Con l’arrivo dei decreti delegati del governo, infatti, la confusione sulla riforma cresce e questo perché nemmeno in poche misere pagine di decreto, il governo riesce a chiarirne il vero scopo e il contenuto.
L’unica cosa chiara è che con la riforma i licenziamenti, siano essi individuali che collettivi, saranno molto più economici e, dunque, maggiormente utilizzati dalle aziende. C’è il reale rischio che vi siano licenziamenti di massa e che vengano eliminati d’un colpo i diritti dei lavoratori.
Con i primi due decreti delegati proposti dal Governo, infatti, è sorto il dubbio che il contratto a tempo indeterminato a tutele crescenti, ovvero quello che cancella i diritti dei lavoratori senza aumentare l’occupazione, possa essere applicato anche nel settore del pubblico impiego.
Nonostante il governo si sia affrettato a negare questa estensione, questo è il vero obbiettivo della riforma. Tra l’altro le ultime dichiarazioni di Renzi, che vorrebbe rimettere al Parlamento tale decisione (Parlamento, lo ricordiamo, ridotto a mero esecutore del governo), confermano tale circostanza.
Lo schema dei decreti, infatti, fa espresso riferimento ai “lavoratori che rivestono la qualifica di operai, impiegati o quadri, assunti con contratto di lavoro subordinato” senza che vi sia dunque l’esplicita esclusione dei lavoratori pubblici. Verso i quali si applicheranno inevitabilmente le nuove norme volute dal Governo.
Ma la cosa più grave è che i decreti attuativi saranno applicabili anche per tutti i licenziamenti che vengano adottati nei confronti dei lavoratori assunti precedentemente all’introduzione della riforma. Questo implica che gli effetti della norma, ovvero la possibilità di licenziare a fronte di un solo corrispettivo economico, sono retroattivi coinvolgendo anche i lavoratori che oggi risultano assunti con contratto a tempo indeterminato.
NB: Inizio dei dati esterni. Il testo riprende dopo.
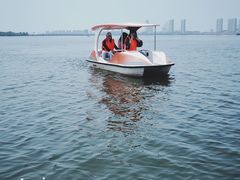 -瑶湖郊野森林公园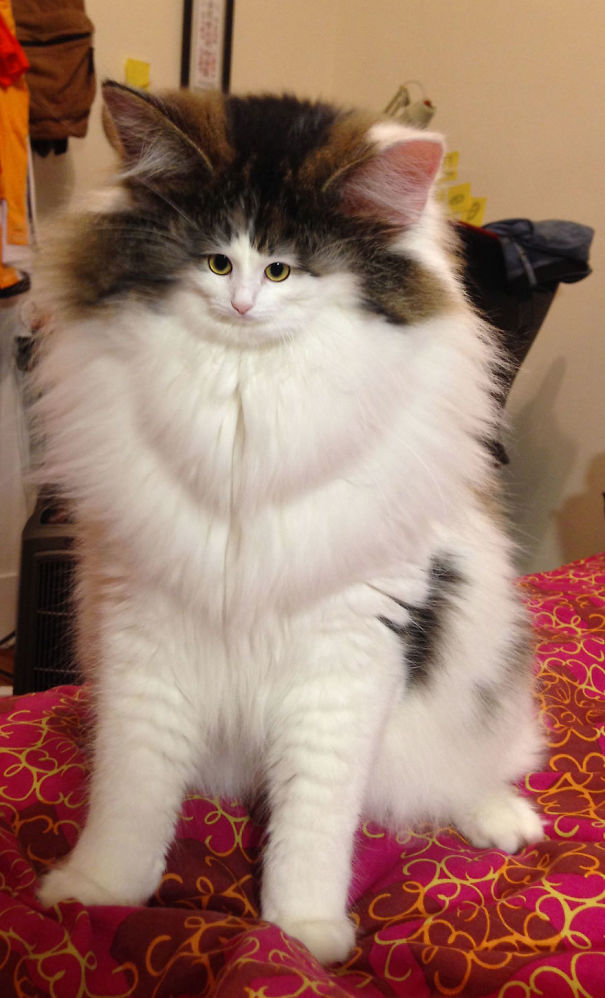 Cats With Tiny Faces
In sostanza gli attuali lavoratori verrebbero a perdere tutti i loro diritti per essere sottoposti alle nuove norme volute dal Governo. Ci saranno licenziamenti di massa e collettivi prima ancora che vi siano le nuove assunzioni solo prospettate dal Governo.
Infine, nel testo di uno dei decreti delegati vi è una norma che esclude la possibilità per il Giudice di valutare nel merito la proporzione della gravità della condotta del lavoratore con la sanzione ricevuta dal datore nell’ambito del licenziamento disciplinare.
Tale circostanza non solo limita i poteri dei Giudici, i quali devono solo prendere atto dell’esistenza del fatto materiale che ha comportato il licenziamento, ma lede anche il diritto di difesa del lavoratore e rende la norma incostituzionale.
In questo caso, infatti, qualora il lavoratore si assenti anche solo per un giorno dal posto di lavoro o violi anche una semplice norma del regolamento interno aziendale, potrà comportare il licenziamento immediato. Senza che il Giudice possa effettivamente valutare la proporzione tra il fatto commesso (dal lavoratore) e la sanzione subita (il licenziamento).
In pratica qualsiasi violazione disciplinare (anche la più lieve) consentirà al datore di lavoro di disfarsi facilmente del lavoratore, a fronte di un misero indennizzo proporzionato al numero di anni lavorati.
Stiamo assistendo ad una delle peggiori pagine della storia dei lavoratori, grazie al Governo.